The overall performance of all three on Tuesday was stunted at best and it’s hard to conceive of a methodology that will make them simply click into place.
We have some great individual players and while I can’t ignore that it’s Ross’ responsibility to ensure they play well together, I can’t blame him entirely for their largely underwhelming individual performances.
I’m of the belief that all this team needs is time and consistency; to learn their roles by rote and execute their duties on the pitch as if they had grown up together doing so. That’s a big ask of any team, let alone one pieced together from the checklist of several previous managers on a budget varying from shoestring to cheesestring.
I’m not making the well-worn excuse that this squad isn’t his baby now because he’s had as fair a crack of the transfer whip as anyone at this point, but I want to highlight that it is still a comparatively young squad in terms playing time as a unit. I want to believe that given enough time they’ll fit together but as to the question of whether that will happen in the next few weeks?

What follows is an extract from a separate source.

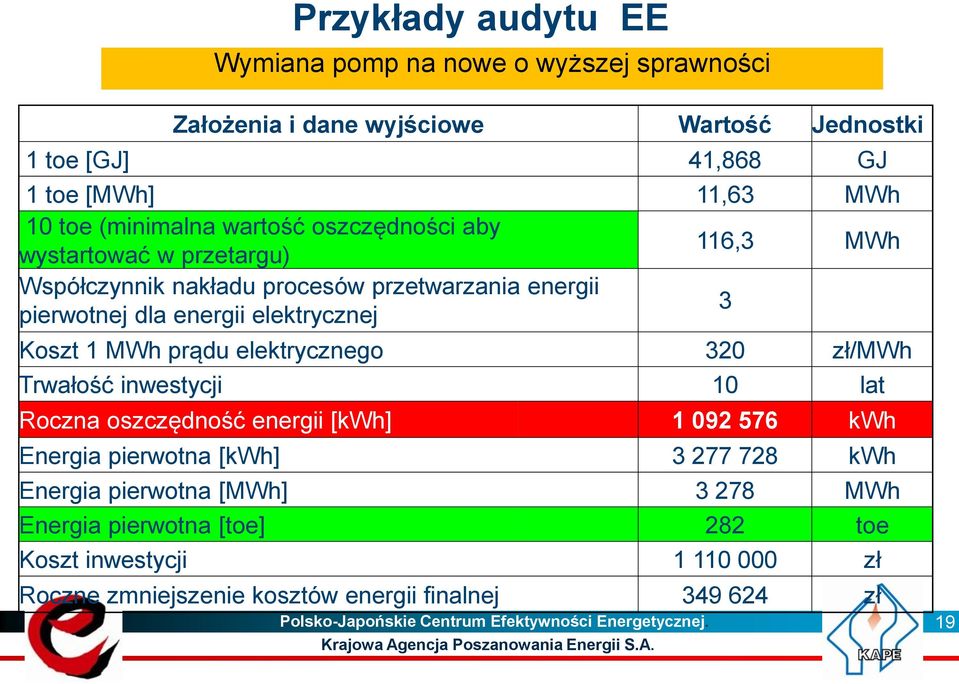 elektrycznego 320 zł/mwh Trwałość inwestycji 10 lat Roczna oszczędność energii [kwh] 1 092 576 kwh Energia pierwotna [kwh] 3 277 728 kwh Energia pierwotna [MWh] 3 278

I’d be surprised.
I think we can expect more frustration in the coming games, but I think it will be fleeting.
This team is good enough and Jack Ross is good enough.
Jack Ford says...
My New Year’s football resolution was to be less pessimistic when it came to Sunderland but, god, it’s hard to do so at the moment.
The part of me that is an irrational football fan thinks we’re going to turn it around on Friday night in front of the cameras, with a Will Grigg hat trick and Aiden McGeady wizardry. The natural pessimist part of me, that looked at Sunderland’s key stats so far this season, and has eyes that saw the utter dross we served up against Oxford and Blackpool thinks nothing’s going to change any time soon.

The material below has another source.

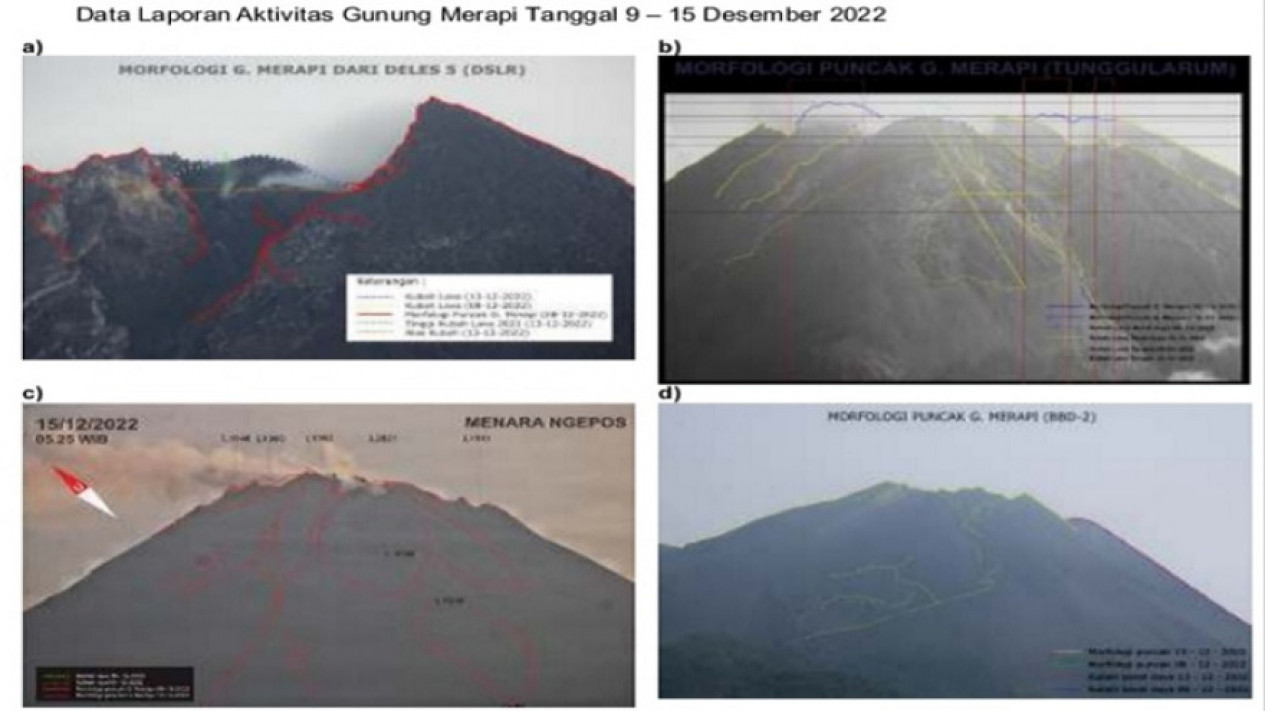 BBPTKG Yogyakarta Catat Gunung Merapi Dalam Sepekan Alami Gempa ...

We’re still far too indirect and one-paced, and have proven absolutely incapable of matching the intensity of opposition teams that so often rise to the occasion of playing at the SoL, rather than withering in front of our fans.
A massive part of that in my eyes is down to confidence, and things like Will Grigg missing open goals are both cause and effect of this. I’m hoping that the atmosphere at home improves soon, because we know now what a vicious circle it can create when bad performances lead to toxic fan interactions, which then make performances even worse.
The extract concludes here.